**What the task asks:**
When you print the records below, keep every word exact and leave out the images.

**Dataset entries:**
◇ ◇ ◇ ◇
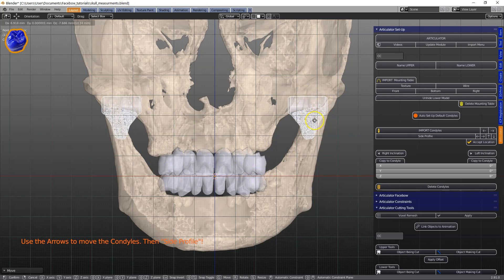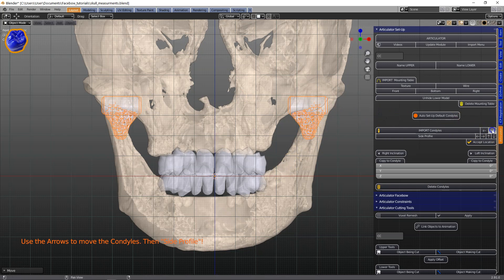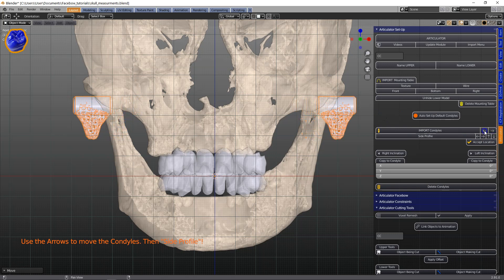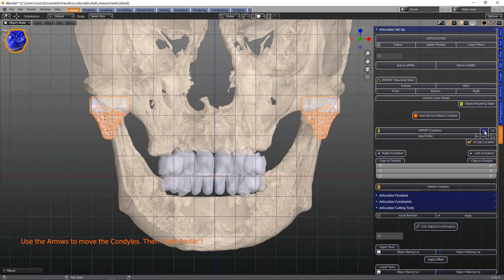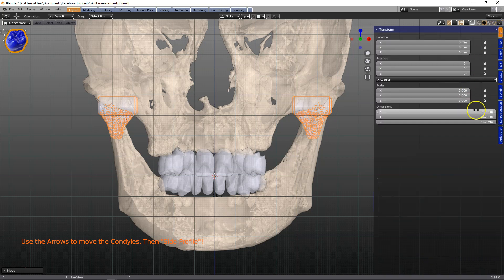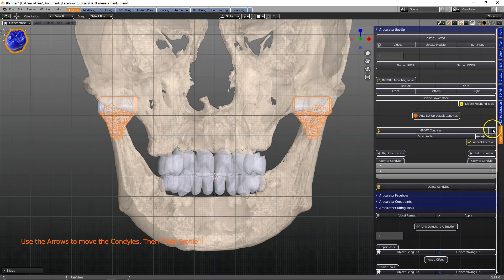We've made a few arrows on the menu where we control these. Clicking outwards and inwards will move the condyles. In the items menu you can see exactly how far apart these condyles actually are.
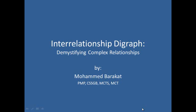Hi, this is Mohamed Barakat. In a previous video, I presented the Prioritization Matrix as one of the seven management and planning tools. In this video, I'll present another important tool called the Interrelationship Digraph or Relations Diagram. This diagram helps us analyze the cause and effect links between different issues or ideas in a complex situation.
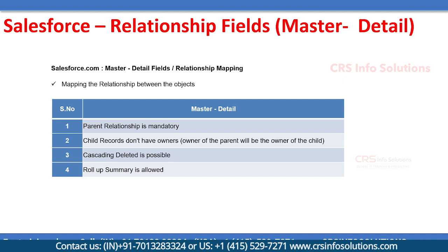But there are certain differences when you compare with lookup. First point: the parent is mandatory, so without parent you cannot create a child. Second, the child will not have any owners - the owner of the parent will be the owner of the child. Third, if you delete the parent, children also will get deleted. Fourth, you can take the count of children to the parent - that is, rollup summary is allowed.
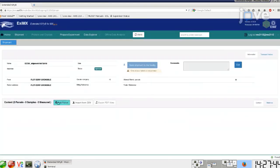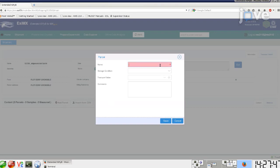Click Add Parcel and fill in the information requested. Click Save.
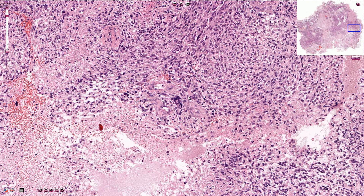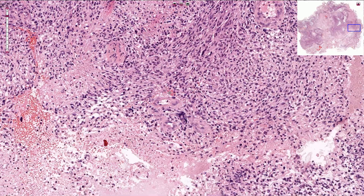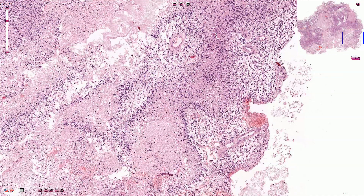Sometimes we can see microvascular proliferation or vascular thrombosis. Based on molecular studies, we can recognize the IDH wild type glioblastoma, which is much more common, and the IDH mutated variant. Specific glioblastoma variants include gliosarcoma, giant cell variant, or epithelioid variant.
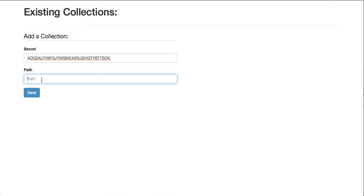Now BitBox isn't going to sync all of the files from that folder, just the files that I share. This path needs to already exist on your server, and it needs to be readable and writable by the BitTorrent Sync client, and it needs to be readable by your web server.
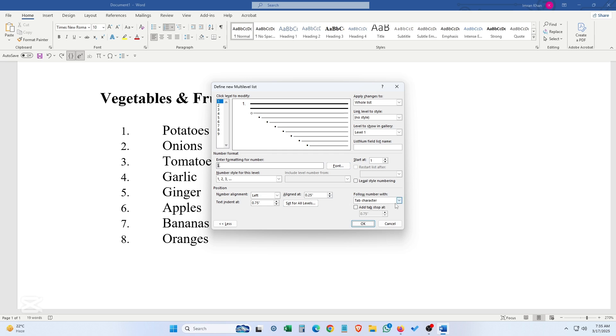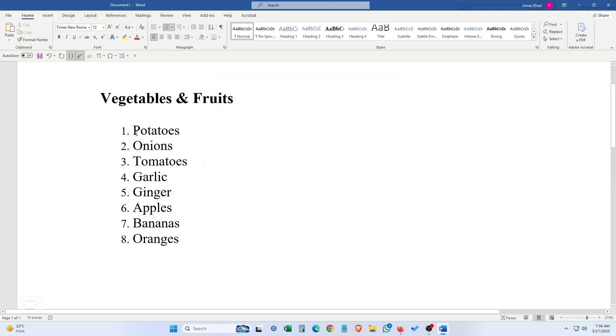And make it 'Space'. Okay, here you will find a single space between the text and numbering. But if you want nothing between this text and numbering, click on the number again, right click, 'Adjust list indents'.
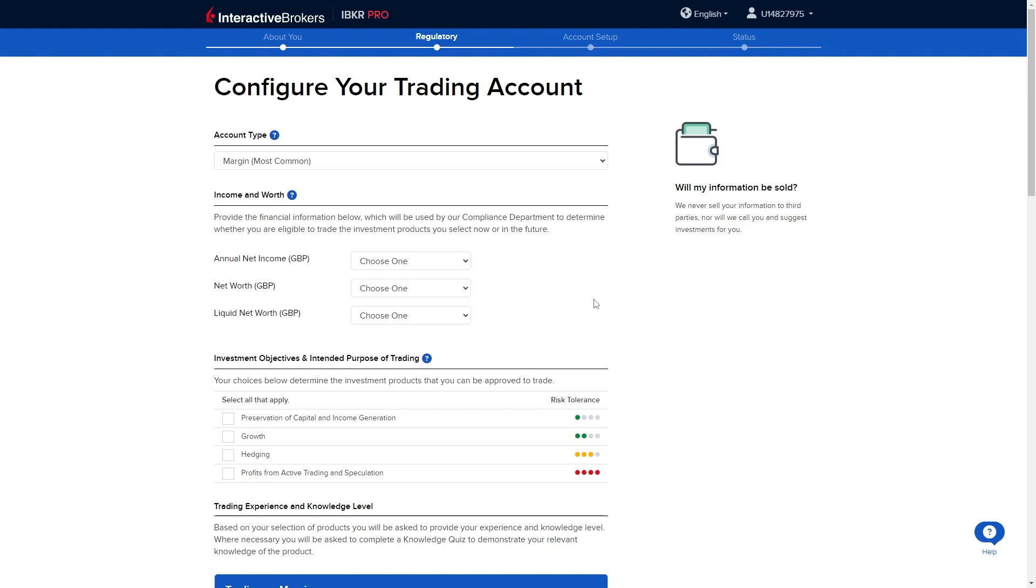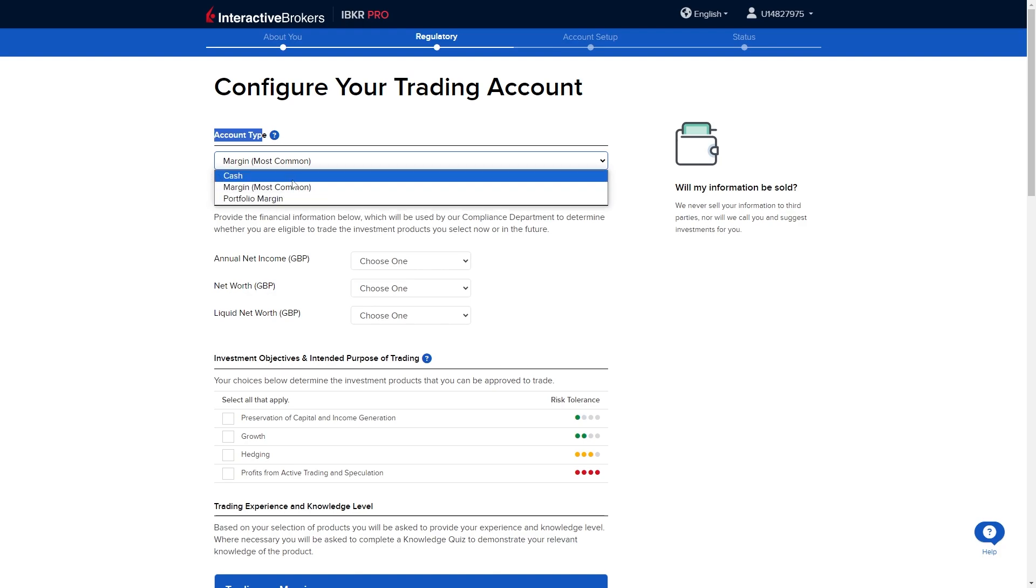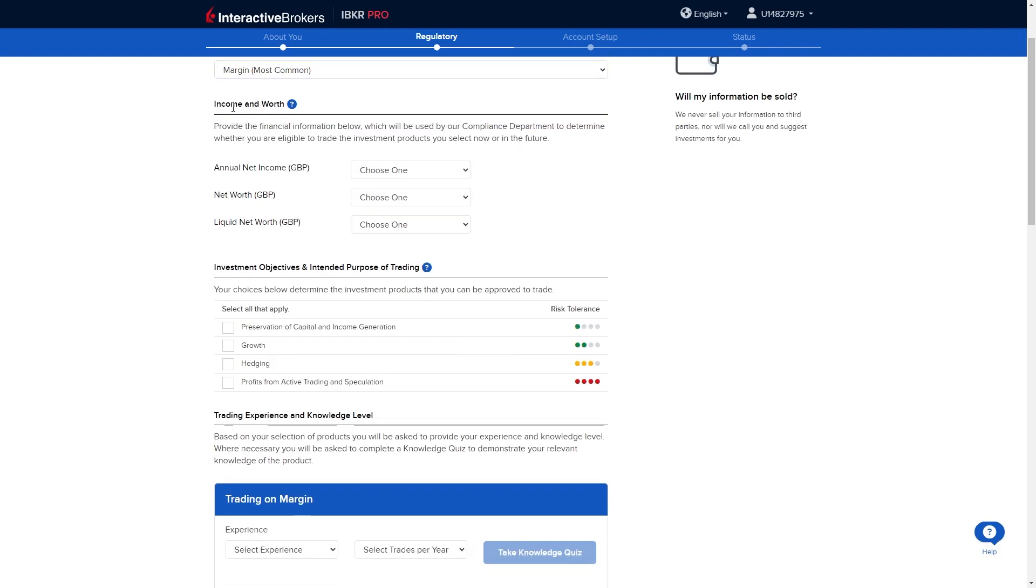From here we can now start configuring our trading account. To start with we have to choose our account type and the most common one is margin. However there's also portfolio margin and cash. I'm going to keep this set to margin.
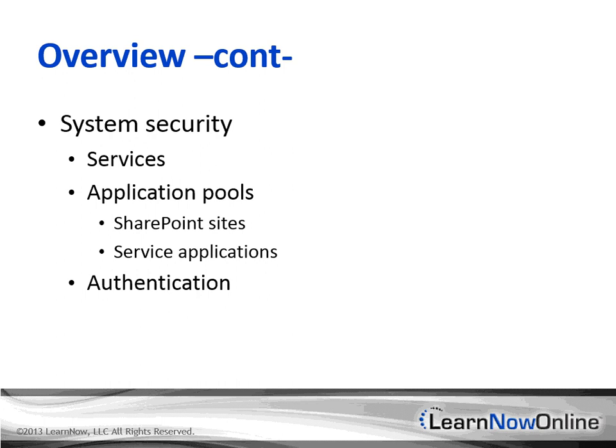We're concerned about what happens within a site collection, whereas the system security, authentication, that type of thing is all handled and administered on the server itself. So we're not actually touching the server, we're touching the site collection here.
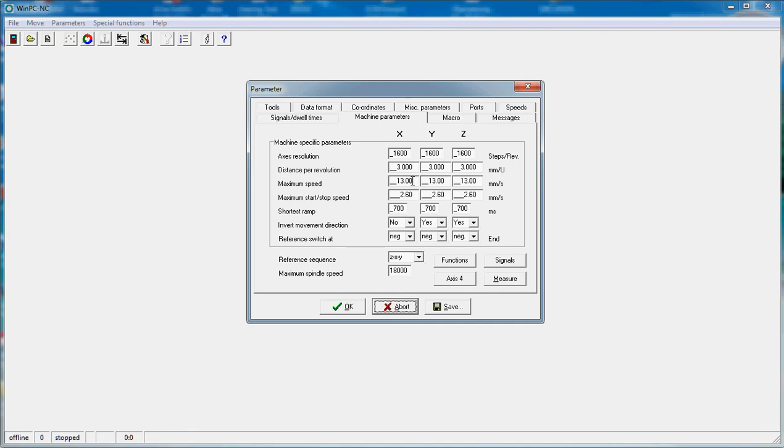You might need to change the maximum speed but refer to your manual on your machine to see what your maximum speed is on each particular axis.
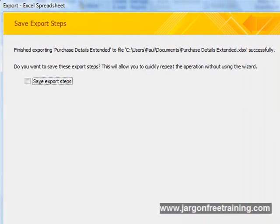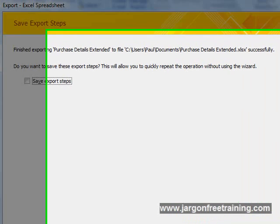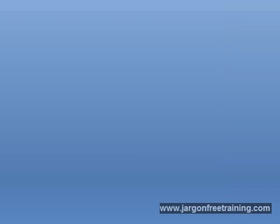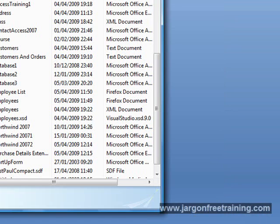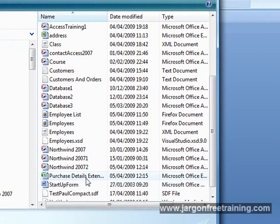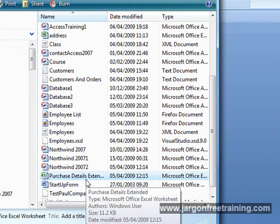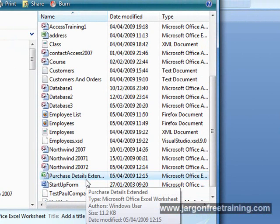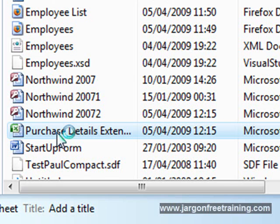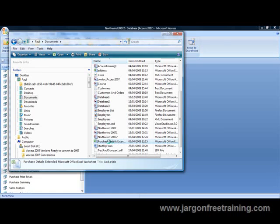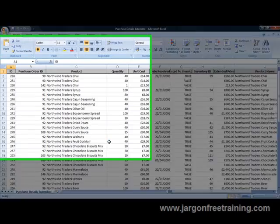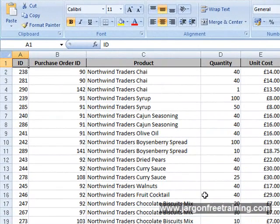Access gives us the option now to save those steps so that we don't have to go through the wizard again. I'm going to select Close to that. Now if I come into my Windows Explorer, we can see here that it's created the spreadsheet called Purchase Details Extended. Notice the Excel icon here. If I double-click this, Microsoft Excel opens with our query transferred into a spreadsheet.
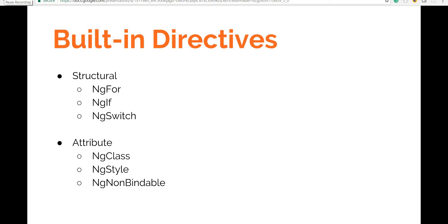Hello guys and welcome back. In the last section we talked about the built-in structural and attribute directives. Now in this section we'll create our own custom structural and attribute directives.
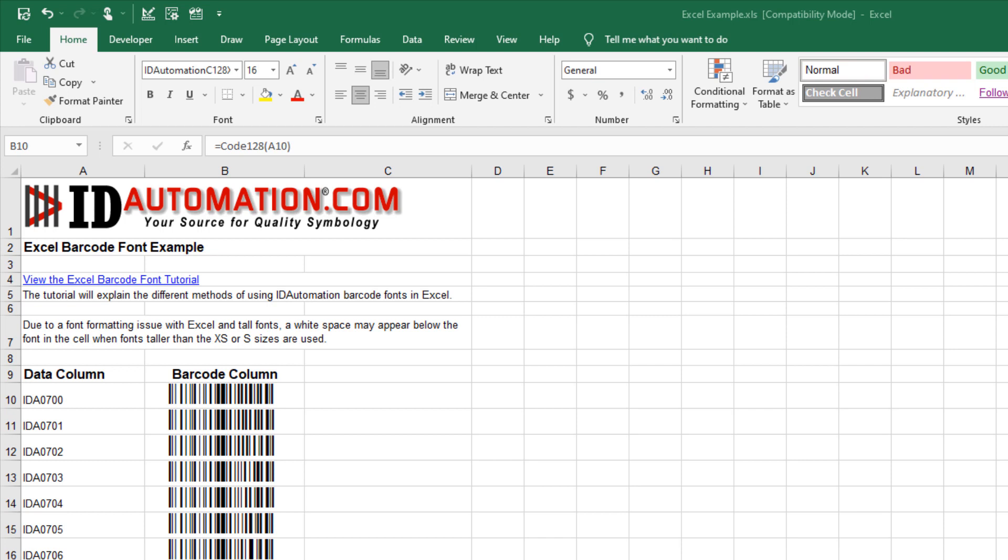In this example, I'll use copy and paste processes to quickly and easily create scannable barcodes.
◇ ◇ ◇ ◇
**Expected answer:**
We've made a few arrows on the menu where we control these. Clicking outwards and inwards will move the condyles. In the items menu you can see exactly how far apart these condyles actually are.
Hi, this is Mohamed Barakat. In a previous video, I presented the Prioritization Matrix as one of the seven management and planning tools. In this video, I'll present another important tool called the Interrelationship Digraph or Relations Diagram. This diagram helps us analyze the cause and effect links between different issues or ideas in a complex situation.
But there are certain differences when you compare with lookup. First point: the parent is mandatory, so without parent you cannot create a child. Second, the child will not have any owners - the owner of the parent will be the owner of the child. Third, if you delete the parent, children also will get deleted. Fourth, you can take the count of children to the parent - that is, rollup summary is allowed.
Click Add Parcel and fill in the information requested. Click Save.
Sometimes we can see microvascular proliferation or vascular thrombosis. Based on molecular studies, we can recognize the IDH wild type glioblastoma, which is much more common, and the IDH mutated variant. Specific glioblastoma variants include gliosarcoma, giant cell variant, or epithelioid variant.
Now BitBox isn't going to sync all of the files from that folder, just the files that I share. This path needs to already exist on your server, and it needs to be readable and writable by the BitTorrent Sync client, and it needs to be readable by your web server.
And make it 'Space'. Okay, here you will find a single space between the text and numbering. But if you want nothing between this text and numbering, click on the number again, right click, 'Adjust list indents'.
From here we can now start configuring our trading account. To start with we have to choose our account type and the most common one is margin. However there's also portfolio margin and cash. I'm going to keep this set to margin.
We're concerned about what happens within a site collection, whereas the system security, authentication, that type of thing is all handled and administered on the server itself. So we're not actually touching the server, we're touching the site collection here.
You might need to change the maximum speed but refer to your manual on your machine to see what your maximum speed is on each particular axis.
Access gives us the option now to save those steps so that we don't have to go through the wizard again. I'm going to select Close to that. Now if I come into my Windows Explorer, we can see here that it's created the spreadsheet called Purchase Details Extended. Notice the Excel icon here. If I double-click this, Microsoft Excel opens with our query transferred into a spreadsheet.
Hello guys and welcome back. In the last section we talked about the built-in structural and attribute directives. Now in this section we'll create our own custom structural and attribute directives.
In this example, I'll use copy and paste processes to quickly and easily create scannable barcodes.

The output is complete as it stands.